4 Ways to Protect Your Business from Attack
Everyone is familiar with the data breaches that have hit major financial companies in recent years, exposing millions of customers’ personal data to internet scammers and identity thieves. These banks and firms are understandably irresistible to hackers in search of a payday. But as those targets increase their defenses, internet criminals have widened their focus, developing new ways to attack a variety of businesses – including construction. In fact, the last few years have seen such a spike in cyber attacks against construction companies that the industry ranks first in ransomware attacks, costing companies across the world more than $2 billion. But why construction — and why now?
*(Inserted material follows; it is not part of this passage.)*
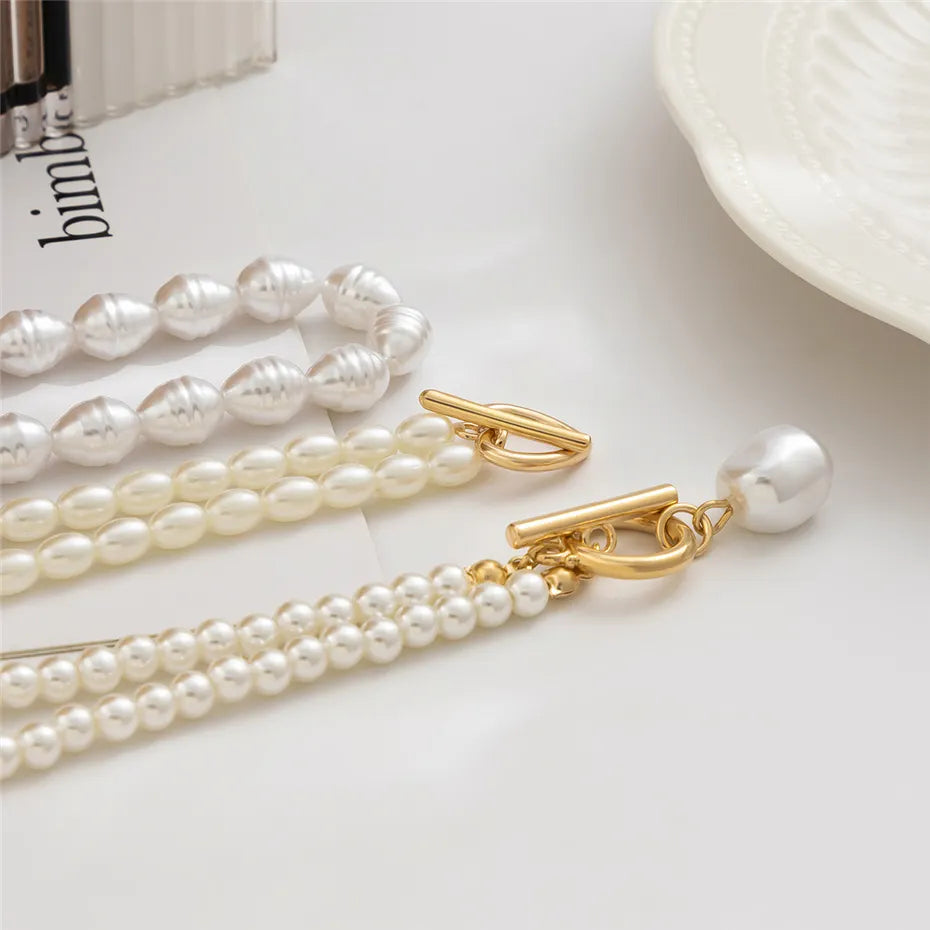 Infinity Pearl Necklace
There are several aspects of the construction industry that make it more vulnerable to online threats. One obvious factor is simply a widespread lack of preparedness. As other industries have been forced to strengthen their online security – either following attacks or due to new regulations — many criminals have moved on to softer targets and different tactics.
Construction firms do have valuable data, including confidential and proprietary information stored digitally and accessed remotely. This kind of sensitive information (e.g., bid data, intellectual property, and financial reports) can be stolen via cyber actors who then extort the business for hefty sums. Adding to this risk is the proliferation of technology in the industry, in the form of mobile devices like phones and tablets, as well as new project management software and tracking programs. These tools have helped construction companies increase their efficiency, while also offering cyber criminals even more ways to gain access to their data. Throw in third parties and contractors who also access parts of your system and the threat grows exponentially.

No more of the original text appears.